The problem:
When using an inline layout, the menu drop-downs disappear behind other items that come further down the page and hence higher in stacking order number. The default z-index for the CSS menu box is 1, and I’ve tried changing it to a higher number, which it appears to take, but to no avail.
I’ve seen this problem come up before, and have tried changing the z-index of the box that gets in the way below the menu (‘Intro-Box’) to 0, as has been suggested in a post made by someone else previously. To no avail also.
Are there any ways around this problem?
The drop-down is from the ‘What we do’ button on the menu.
you have an html box named “Header-Box-Centre-Float” whose overflow is set
to auto. Change the overflow to visible, and that will your menu problems.
–
Ernie Simpson
On Sun, Aug 26, 2012 at 12:13 PM, Ian Halstead email@hidden wrote:
The problem:
When using an inline layout, the menu drop-downs disappear behind other
items that come further down the page and hence higher in stacking order
number. The default z-index for the CSS menu box is 1, and I’ve tried
changing it to a higher number, which it appears to take, but to no avail.
I’ve seen this problem come up before, and have tried changing the z-index
of the box that gets in the way below the menu (‘Intro-Box’) to 0, as has
been suggested in a post made by someone else previously. To no avail also.
Are there any ways around this problem?
The drop-down is from the ‘What we do’ button on the menu.
Ah yes… fantastic. So used to placing the overflow on auto for boxes that stretch the full width of the browser window, that I’d got a bit overenthusiastic and done it on this one as well.

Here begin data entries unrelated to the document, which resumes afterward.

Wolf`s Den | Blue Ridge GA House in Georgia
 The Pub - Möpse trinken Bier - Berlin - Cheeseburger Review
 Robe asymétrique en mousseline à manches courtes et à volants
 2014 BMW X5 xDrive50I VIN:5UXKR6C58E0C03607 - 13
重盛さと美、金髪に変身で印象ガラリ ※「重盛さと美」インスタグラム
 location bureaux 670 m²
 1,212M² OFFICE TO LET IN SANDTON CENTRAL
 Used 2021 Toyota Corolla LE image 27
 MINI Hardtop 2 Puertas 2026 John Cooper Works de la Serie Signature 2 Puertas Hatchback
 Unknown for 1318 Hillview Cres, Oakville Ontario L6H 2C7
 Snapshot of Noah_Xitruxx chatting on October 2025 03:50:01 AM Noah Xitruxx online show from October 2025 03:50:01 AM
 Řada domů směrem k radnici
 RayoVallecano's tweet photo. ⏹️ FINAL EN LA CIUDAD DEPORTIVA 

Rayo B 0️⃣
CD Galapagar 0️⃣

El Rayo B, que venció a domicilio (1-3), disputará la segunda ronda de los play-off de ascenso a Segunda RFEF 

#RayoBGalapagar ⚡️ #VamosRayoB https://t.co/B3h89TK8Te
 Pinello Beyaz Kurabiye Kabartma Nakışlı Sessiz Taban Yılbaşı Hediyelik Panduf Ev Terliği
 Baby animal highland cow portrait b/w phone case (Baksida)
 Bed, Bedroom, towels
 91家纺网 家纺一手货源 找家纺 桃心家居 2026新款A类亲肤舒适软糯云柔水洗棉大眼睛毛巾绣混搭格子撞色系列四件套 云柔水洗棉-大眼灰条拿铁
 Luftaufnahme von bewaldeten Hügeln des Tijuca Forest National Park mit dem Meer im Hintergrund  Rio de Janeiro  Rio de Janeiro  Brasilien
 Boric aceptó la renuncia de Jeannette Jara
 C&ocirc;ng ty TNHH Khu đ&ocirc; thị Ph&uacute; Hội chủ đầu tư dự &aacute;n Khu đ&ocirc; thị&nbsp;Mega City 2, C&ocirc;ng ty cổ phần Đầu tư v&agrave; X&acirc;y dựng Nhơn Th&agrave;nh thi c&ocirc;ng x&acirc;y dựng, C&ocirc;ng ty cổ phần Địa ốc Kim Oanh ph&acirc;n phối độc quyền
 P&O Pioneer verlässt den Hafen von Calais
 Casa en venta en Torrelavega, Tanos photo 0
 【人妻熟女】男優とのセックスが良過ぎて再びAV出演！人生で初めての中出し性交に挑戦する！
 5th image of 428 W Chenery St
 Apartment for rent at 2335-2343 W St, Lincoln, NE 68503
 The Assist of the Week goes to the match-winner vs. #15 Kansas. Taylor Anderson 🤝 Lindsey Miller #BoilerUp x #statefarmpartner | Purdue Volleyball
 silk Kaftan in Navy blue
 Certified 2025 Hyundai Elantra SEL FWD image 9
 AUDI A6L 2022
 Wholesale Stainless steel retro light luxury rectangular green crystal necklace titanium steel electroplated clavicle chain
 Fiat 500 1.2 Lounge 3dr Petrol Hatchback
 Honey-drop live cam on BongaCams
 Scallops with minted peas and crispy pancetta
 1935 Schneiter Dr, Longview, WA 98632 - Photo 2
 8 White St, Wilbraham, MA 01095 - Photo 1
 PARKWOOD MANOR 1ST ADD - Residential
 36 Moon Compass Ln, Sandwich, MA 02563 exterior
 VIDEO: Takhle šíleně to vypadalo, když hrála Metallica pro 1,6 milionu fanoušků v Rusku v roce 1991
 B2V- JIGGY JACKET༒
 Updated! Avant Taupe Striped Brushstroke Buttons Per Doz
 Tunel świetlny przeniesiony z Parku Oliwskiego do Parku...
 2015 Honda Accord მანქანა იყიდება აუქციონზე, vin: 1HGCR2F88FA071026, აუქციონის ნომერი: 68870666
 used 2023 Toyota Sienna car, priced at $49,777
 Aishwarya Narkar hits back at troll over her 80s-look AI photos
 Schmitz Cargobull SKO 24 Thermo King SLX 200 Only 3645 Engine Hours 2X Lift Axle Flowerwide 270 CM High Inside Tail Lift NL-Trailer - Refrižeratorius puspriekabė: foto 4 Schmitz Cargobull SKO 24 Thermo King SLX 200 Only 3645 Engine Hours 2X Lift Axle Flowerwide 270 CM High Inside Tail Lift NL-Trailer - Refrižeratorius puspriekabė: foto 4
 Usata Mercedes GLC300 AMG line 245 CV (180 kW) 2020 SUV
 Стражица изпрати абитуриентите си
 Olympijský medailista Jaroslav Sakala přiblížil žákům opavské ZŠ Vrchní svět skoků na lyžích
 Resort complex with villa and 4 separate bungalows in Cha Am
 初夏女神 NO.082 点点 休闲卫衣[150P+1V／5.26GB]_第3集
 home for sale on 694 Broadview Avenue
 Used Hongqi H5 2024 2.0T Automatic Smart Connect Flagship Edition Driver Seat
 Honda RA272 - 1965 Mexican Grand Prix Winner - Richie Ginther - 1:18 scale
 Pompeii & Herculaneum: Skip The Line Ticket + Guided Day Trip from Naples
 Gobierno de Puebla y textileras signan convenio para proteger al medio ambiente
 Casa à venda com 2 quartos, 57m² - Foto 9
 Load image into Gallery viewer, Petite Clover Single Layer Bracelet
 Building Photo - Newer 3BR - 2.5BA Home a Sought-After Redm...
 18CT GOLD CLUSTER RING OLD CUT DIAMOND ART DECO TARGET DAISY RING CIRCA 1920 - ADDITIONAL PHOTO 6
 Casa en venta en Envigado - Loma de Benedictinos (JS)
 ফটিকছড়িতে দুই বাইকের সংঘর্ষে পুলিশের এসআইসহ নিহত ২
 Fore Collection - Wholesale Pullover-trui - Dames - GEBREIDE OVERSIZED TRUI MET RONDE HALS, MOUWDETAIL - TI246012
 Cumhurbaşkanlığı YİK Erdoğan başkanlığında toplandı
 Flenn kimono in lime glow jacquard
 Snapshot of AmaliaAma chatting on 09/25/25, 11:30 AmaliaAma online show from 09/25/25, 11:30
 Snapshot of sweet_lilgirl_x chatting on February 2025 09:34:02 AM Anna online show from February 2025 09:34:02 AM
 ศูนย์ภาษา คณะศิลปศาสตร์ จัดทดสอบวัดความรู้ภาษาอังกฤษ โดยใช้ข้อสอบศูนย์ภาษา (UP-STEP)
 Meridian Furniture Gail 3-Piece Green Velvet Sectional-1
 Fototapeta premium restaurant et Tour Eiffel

Just realised that when using the compatibility mode on IE10 (W8 consumer preview), the CSS menus drop behind the box below again. Using the normal rendering mode, it’s fine.
It’s not clear in which versions of IE the ‘compatibility mode’ attempts to render. IE7 or IE8, both or some other?
Is there a way round this, given that it is a pharmacy website and may be visited by some out of date operating systems and browsers?
Hi Ian,
You can try and specify the compatibility mode in the page using the Microsoft proprietary meta tag. Hopefully it would overwrite the user’s compatibility mode setting but you would need to test this.
If this all looks like a massive pain in the (whatever) then you are pretty much on track. IE 10 has 6 rendering modes where you can instruct the browser to use one of it’s 3 rendering engines to show the page in various configurations.
Try out a few of these meta tags and see if any force the browser to render your menu as intended. Oh, and please report back so we can copy your hard work!
Regards,
Tim.
On 7 Sep 2012, at 10:40, Ian Halstead wrote:
Just realised that when using the compatibility mode on IE10 (W8 consumer preview), the CSS menus drop behind the box below again. Using the normal rendering mode, it’s fine.
I’m not sure if this will help in this instance, but I have found
sometimes in inline layouts where I am am having z-index layering
problems, setting the z-index value to auto for the div that contains
the one I’m trying to raise (or drop) helps.
I share your temptation, Ian. And here I thought the browser-makers
were finally starting to play nice. :-/
–
Ernie Simpson
On Fri, Sep 7, 2012 at 5:40 AM, Ian Halstead email@hidden wrote:
Just realised that when using the compatibility mode on IE10 (W8 consumer preview), the CSS menus drop behind the box below again. Using the normal rendering mode, it’s fine.
It’s not clear in which versions of IE the ‘compatibility mode’ attempts to render. IE7 or IE8, both or some other?
Is there a way round this, given that it is a pharmacy website and may be visited by some out of date operating systems and browsers?
I’m tempted to just leave it I must say!